Des rencontres, et de l’économie de la confiance

« Il n’y a que deux façons de vivre sa vie : l’une en faisant comme si rien n’était un miracle, l’autre en faisant comme si tout était un miracle. » – Albert Einstein

Je discutais hier avec une amie de la déception et du bonheur des rencontres.
Aujourd’hui, c’est avec cette citation que je veux continuer ma réflexion. Combien faut-il de mauvaises rencontres pour tomber sur le bon associé, un bon client, un bon partenaire ? Combien de propositions avant de conclure ? Quel miracle se tient derrière chaque relation réussie ? À qui s’en référer ?

Moi, je veux m’en référer à Al-Ghazali.

Dans Tahafut al-Falasifa, il défend l’idée que ce que nous appelons « lois naturelles » ne sont que des habitudes instaurées par Dieu, des enchaînements d’événements qui semblent nécessaires, mais qui restent suspendus à une volonté supérieure. Un miracle n’est pas une rupture, c’est simplement un réagencement de l’ordre des choses par Celui qui en détient la clé.

Appliqué aux rencontres et aux liens humains, cela résonne d’une autre manière : la confiance n’émerge pas d’une simple accumulation de calculs rationnels, mais d’un tissu invisible d’intuitions, de circonstances et de synchronicités. Ce que nous appelons hasard ou destin pourrait bien être un miracle que nous ne savons pas reconnaître.

Mais il y a un autre élément structurant de cette voie, une brèche nécessaire à son mystère : l’oubli.

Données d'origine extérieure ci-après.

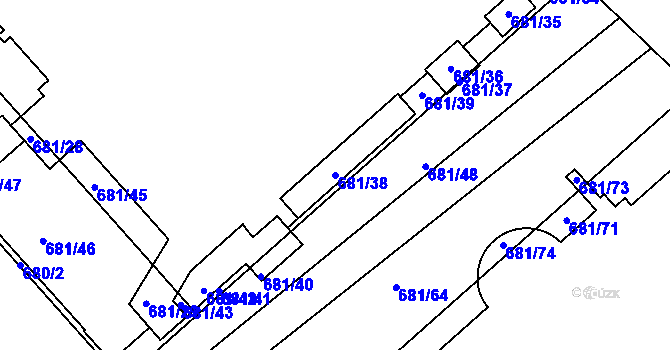 Parcela st. 681/38 v KÚ Dejvice, Katastrální mapa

Al-Insān, ce nom qui nous a été donné, n’a-t-il pas pour origine Al-Nisyān ? L’oubli n’est-il pas ce qui nous permet de continuer après l’échec, de retenter sans être paralysés par la mémoire des déceptions, d’accueillir chaque rencontre avec une fraîcheur nouvelle ? Sans l’oubli, l’économie de la confiance n’existerait pas : nous serions enfermés dans un archivage infini du doute.

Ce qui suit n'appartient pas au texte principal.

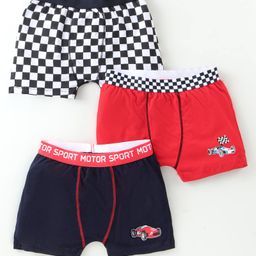 Bodycare Cotton Knit Trunks With Checks & Cars Print Pack of 3 -Black Navy Blue & Red-image-26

Alors, faut-il désespérer des fausses routes, des promesses rompues, des échecs qui s’accumulent ? Ou bien voir, derrière chaque déception oubliée, l’affinement silencieux d’une trajectoire qui nous mène vers la bonne alliance, celle qui, en un instant, réordonne le chaos et fait sens ?

Al-Ghazali nous inviterait sans doute à ne pas nous enfermer dans une vision rigide des relations humaines, mais à accepter qu’elles se meuvent sous un ordre plus vaste, où même la patience, la perte, et l’oubli participent à un équilibre plus grand.

Un miracle, donc.

Et peut-être suffit-il d’un regard neuf, un dimanche de ramadan, pour s’en rendre compte.